The Barcelona surgeons treated 219 patients, of whom 111 had LAC and 108 had conventional open colectomy (OC), which requires a foot-long incision. LAC patients had an average hospital stay of five days, compared to eight days for the OC patients. There were surgery-related complications in 12 of the LAC patients and 31 of the OC patients. Colon cancer recurred in 17 percent of the LAC patients and 27 percent of the OC patients, and the death rate was 19 percent in the LAC group versus 27 percent in the OC group.
Physician reactions to the report indicate the LAC controversy is not over.
The study is one more indication that LAC is the coming thing, says Dr. Joseph E. Martz, an attending surgeon at Lenox Hill Hospital in New York City who specializes in the procedure.
"It is something I saw as the future in surgery," says Martz, who trained in the technique at the Lahey Clinic in Boston. "I've done over 40 laparoscopic colon cancer resections this year, with good results. There have been other studies that show it to be at least equal to conventional surgery."
However, Dr. Nicholas Petrelli, medical director of the Helen F. Graham Cancer Center in Delaware and professor of surgery at Jefferson Medical College, says a close look at the journal report keeps him in the ranks of doubters.
The benefits of LAC were concentrated entirely in one class of patients, those with advanced cancer that had not spread to other parts of the body, Petrelli says, and "I have some concern about that subset analysis."
As for complications, the report shows an unusually high 10 percent wound infection rate in the OC patients. "The wound infection rate should be under 2 percent," Petrelli says. "Why is it so high?"

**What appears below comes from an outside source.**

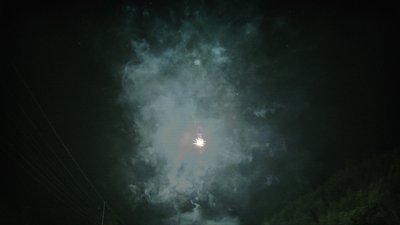 #14449 Module 盆花1.0 100发数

"In view of the issues I have raised, in my mind the role of LAC as curative in colon cancer is still investigational," Petrelli says. It will take a positive result in the NCI-sponsored trial to convince him, he adds.

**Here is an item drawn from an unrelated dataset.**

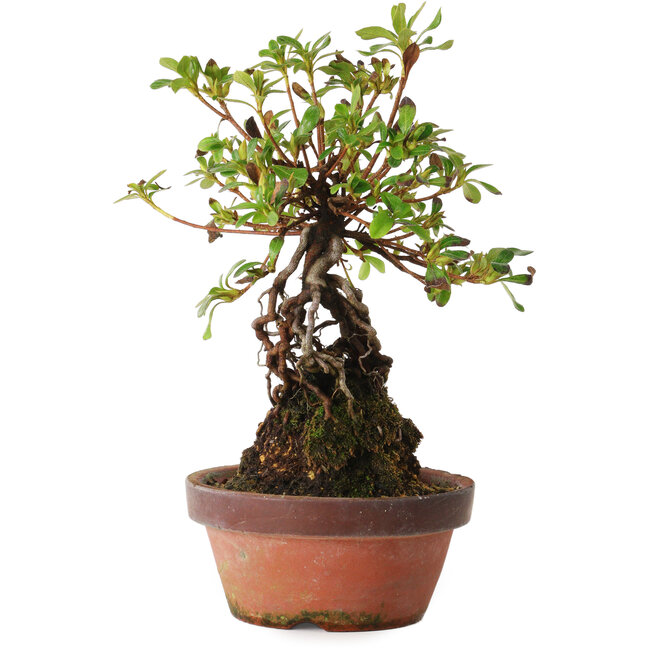 Rhododendron indicum Hanakoubo, 24 cm, ± 8 jaar oud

The Spanish report doesn't settle the controversy, but it is "a big step in answering the question," says Dr. Martin Weiser, of the colorectal surgery division of Memorial Sloan-Kettering Cancer Center. About 30 percent of his operations use LAC, he says.
"It's an important study for me, because I always have told my patients that we have no long-term data showing that survival is equivalent, if not better," Weiser says. "Now we do." However, he also believes the ongoing NCI report will be pivotal.
Martz has his own caveat. Like any new technique, LAC requires a mastery that not all surgeons have, he says. "There are very few who have trained in colon and rectal surgery, and can do laparoscopic surgery," Martz says. "Consumers should be careful. A lot of people say they can put the camera in and do laparoscopic surgery, but unless they are trained in it, the benefits won't be seen."